Comment je libère des mains

Chaque semaine, une personnalité du milieu des affaires nous raconte dans ses mots une page de son histoire.

Qui ? : Samuel Bouchard est président de Robotiq et auteur du livre Lean Robotics : A guide to making robots work in your factory. L’entreprise fondée en 2008 conçoit des robots collaboratifs. Elle vient de lancer le logiciel Insights pour mesurer et optimiser l’efficacité des robots.

Quand les gens voient une pelle mécanique, personne ne dit : « Ah, merde ! On pourrait avoir 20 gars qui pellettent à la place ! » Mais avec l’intelligence artificielle et la robotique, la réaction est différente. Comme c’est proche de notre nature, les gens disent : « Oh… ça remplace un humain… »

Pourtant, l’humain n’est pas fait pour exécuter des tâches répétitives à longueur de journée. J’en sais quelque chose ! J’en ai moi-même fait l’expérience dans mes emplois d’étudiant. C’est peut-être pour ça que j’ai fait un doctorat en génie et que je suis en robotique.

Les robots peuvent faire les tâches répétitives et les employés peuvent contribuer à l’entreprise différemment. À certains endroits, ils programment le robot, font du contrôle de qualité et même de la vente.

Pour les postes non pourvus

Actuellement, le défi des entreprises manufacturières, c’est bien sûr de diminuer les coûts, mais c’est surtout de réussir à avoir de la main-d’œuvre.

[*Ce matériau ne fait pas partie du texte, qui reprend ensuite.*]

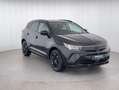 Opel Grandland GS Line 1.5D*RFK*SHZ*AHK*uvm Noir - thumbnail 3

Trouver des machinistes, c’est difficile.

Le robot collaboratif n’est pas comme les premiers robots industriels qui ont été faits pour l’industrie automobile. Le robot n’est pas dans une cage. Il côtoie sans danger les employés et devient un outil pour eux.

De plus, on peut maintenant savoir quelle est la productivité du robot. Il y a quelques mois, c’était encore impossible. Si tu n’étais pas à côté lui, tu arrivais en faisant : « Ah non ! Ça fait une heure que mon robot ne travaille pas ! » On vient de lancer le logiciel Insights, connecté au robot, qui montre en temps réel sa productivité. Ça permet de mesurer le retour sur ton investissement et de comprendre comment améliorer les performances du robot.

95 % de ce qu’on fait, ici, chez Robotiq, on l’exporte. On se tape sur les cuisses et on est contents ! Sauf que ce qu’on exporte, c’est de la productivité ! Aujourd’hui, le plus gros acheteur de robots au monde, c’est la Chine. Ils ont compris que si tu es capable d’automatiser tes tâches, la composante main-d’œuvre de ton coût de fabrication disparaît. Et, à ce moment-là, qu’est-ce qui devient important ? La qualité et la proximité des clients.

Je constate que les entreprises québécoises et canadiennes sont frileuses d’aller chercher cette expertise-là.

les mêmes questions

Depuis la création de l’entreprise en 2008, j’entre dans les usines et je me questionne : « Quel produit pourrait-on faire qui serait utile dans toutes les usines ? » J’en suis arrivé à la conclusion que toutes les usines sont différentes, mais qu’on me pose toujours les mêmes questions, que ce soit le fabricant de brocheuses ou celui de satellites. « Est-ce que je peux mettre un robot là ? Comment est-ce que je peux mettre un robot là ? Combien ça coûte ? »

J’ai décidé d’écrire un livre dans lequel j’explique comment passer de l’idée d’avoir un robot dans l’usine à « Ça marche ! J’en ai un qui fonctionne ! » Le but, c’est que les entreprises soient capables de déployer de la robotique par elles-mêmes sans être dépendantes d’un intégrateur qui doit se déplacer chaque fois qu’il y a un petit changement dans la production.

De notre côté, on travaille à simplifier la technologie. On n’est pas encore rendu à ce que le robot soit aussi simple à programmer qu’un téléphone intelligent, mais on s’en va dans cette direction-là. Dans cinq ans, nos robots vont avoir une utilisation intuitive.